# Stihl hedge cutter HS 86r smoking



## borderman239 (Jun 8, 2019)

Hi I got this hedge cutter and it's smokes bad on high revs and leaves a oily residue around the exsaust port any idea what's causing this ,I done a strip down Cleaned everything up everything looks ok it's revs ok and does not mis a beat but the smoke is doing my head in.i think it's unburned fuel.what cause this and how can I reduce smoke .


----------



## DND 9000 (Jun 8, 2019)

That`s a common problem on these hedge trimmers with it`s small displacement. They often run to rich. Do you have a tachometer? If yes try to lean out the H slightly, but slightly and check that the rpms don`t get to high. Base rpms are: Idle 2800, Full throttle 9100. A other, but difficult solution for tuning would be to replace the high speed jet (screwed in to the carburetor) with a smaller one. But that is tricky and I can`t say how much smaller would be the right one. This should only be done if you really know what you are doing. There is a risk of burning up the engine if you go to small.

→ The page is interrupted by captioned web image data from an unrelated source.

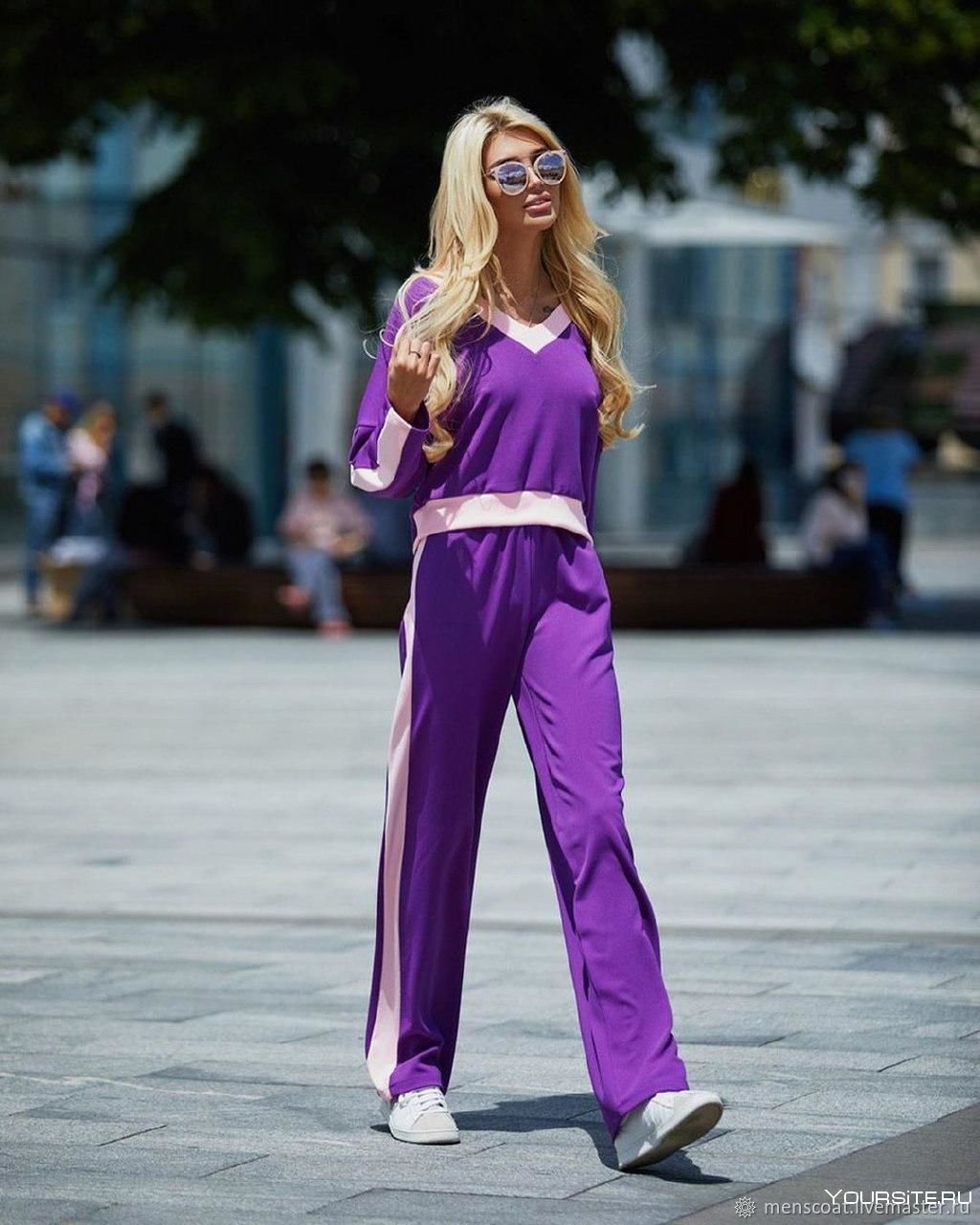Фиолетовые спортивные штаны женские - 27 фото
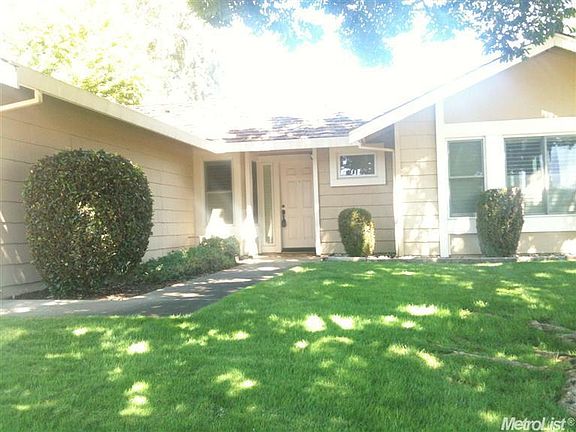 3rd image of 508 Willow Creek Dr
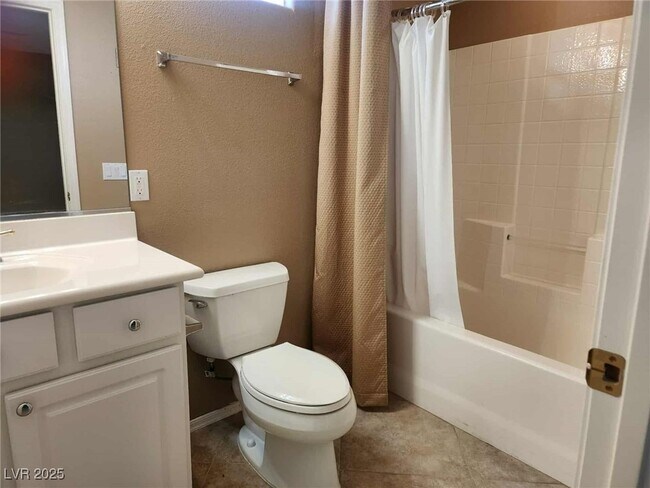 Building Photo - 2934 Maffie St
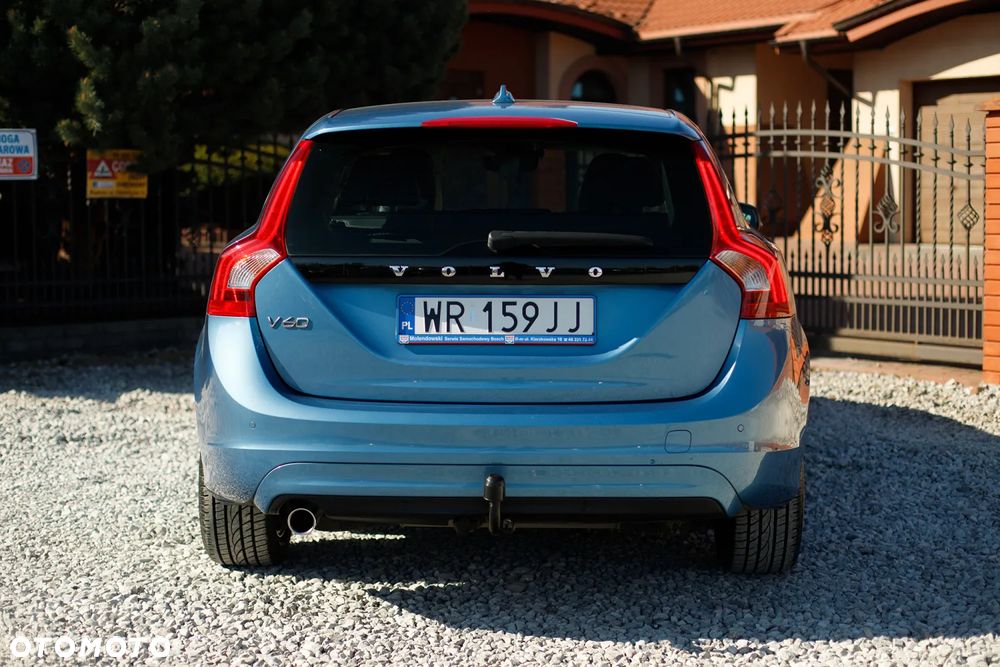 Volvo V60 D3 Geartronic Momentum - 10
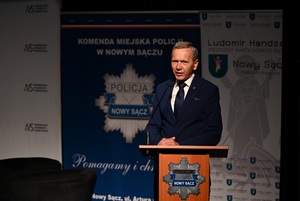 6. J. Ciuła przy mównicy - fot. ANS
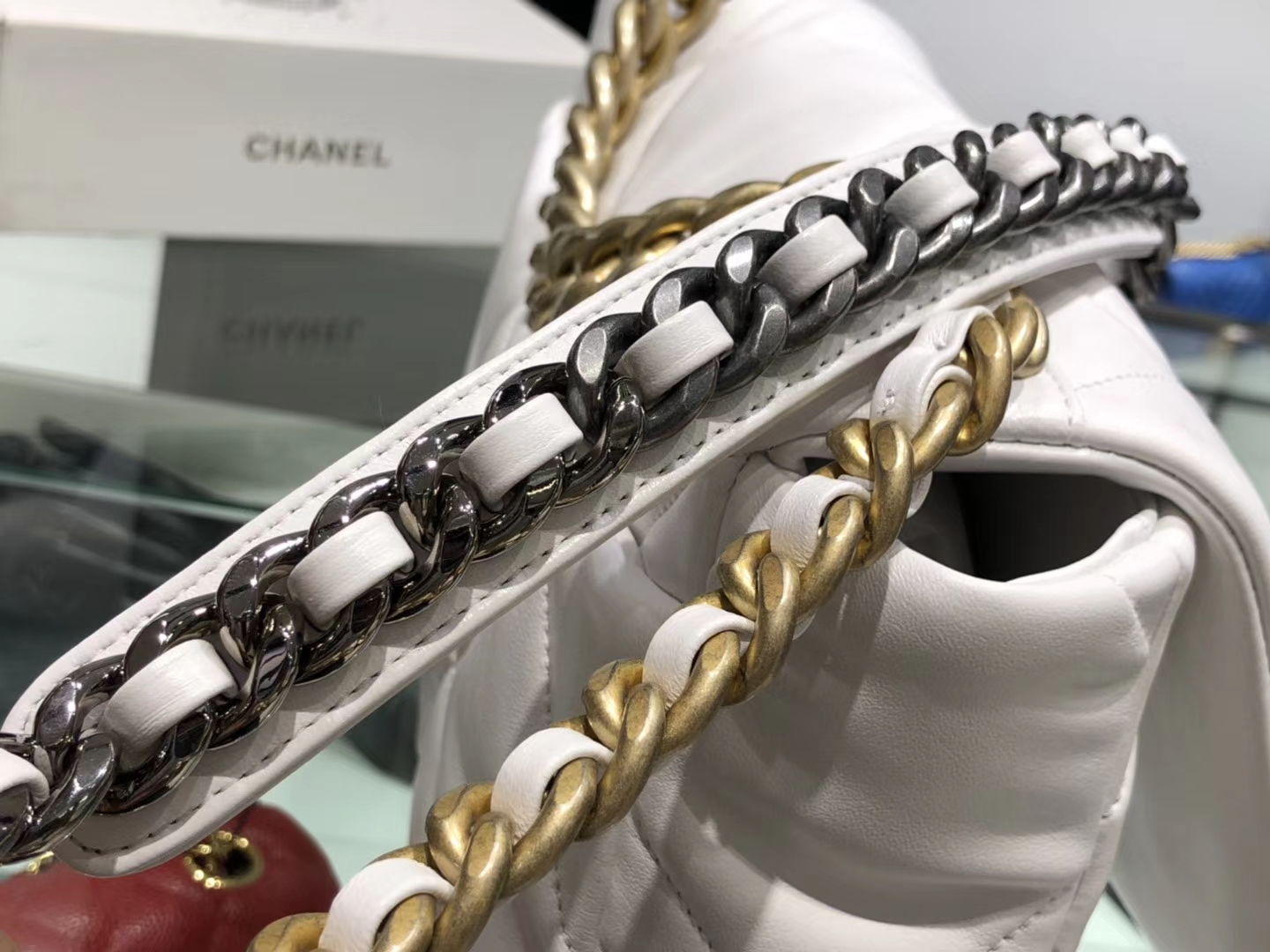 Chanel（香奈儿）19bag 口盖包 # 白色 小羊皮 26cm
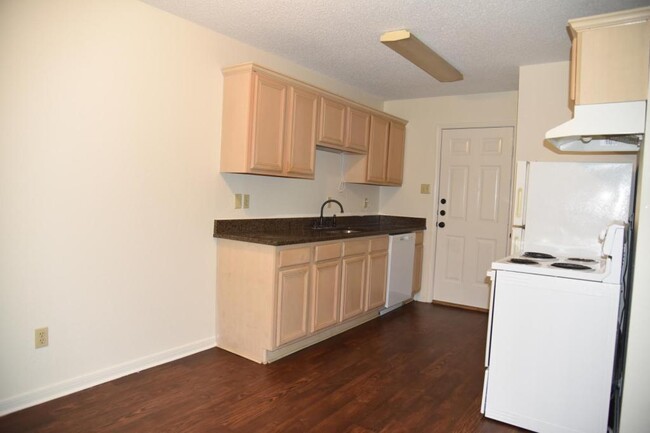 Building Photo - 1530 Northwood Blvd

Try it with tuning of the carburetor and see if it gets better.


----------



## sawfun (Jun 15, 2019)

Mine had the limiter removed on the H side, now it has more power also less wet sooty exhaust.


----------



## DND 9000 (Jun 16, 2019)

I also have that problem at the moment on a HS 81 R I work with. Tomorrow I will retune it and see to get that better.


----------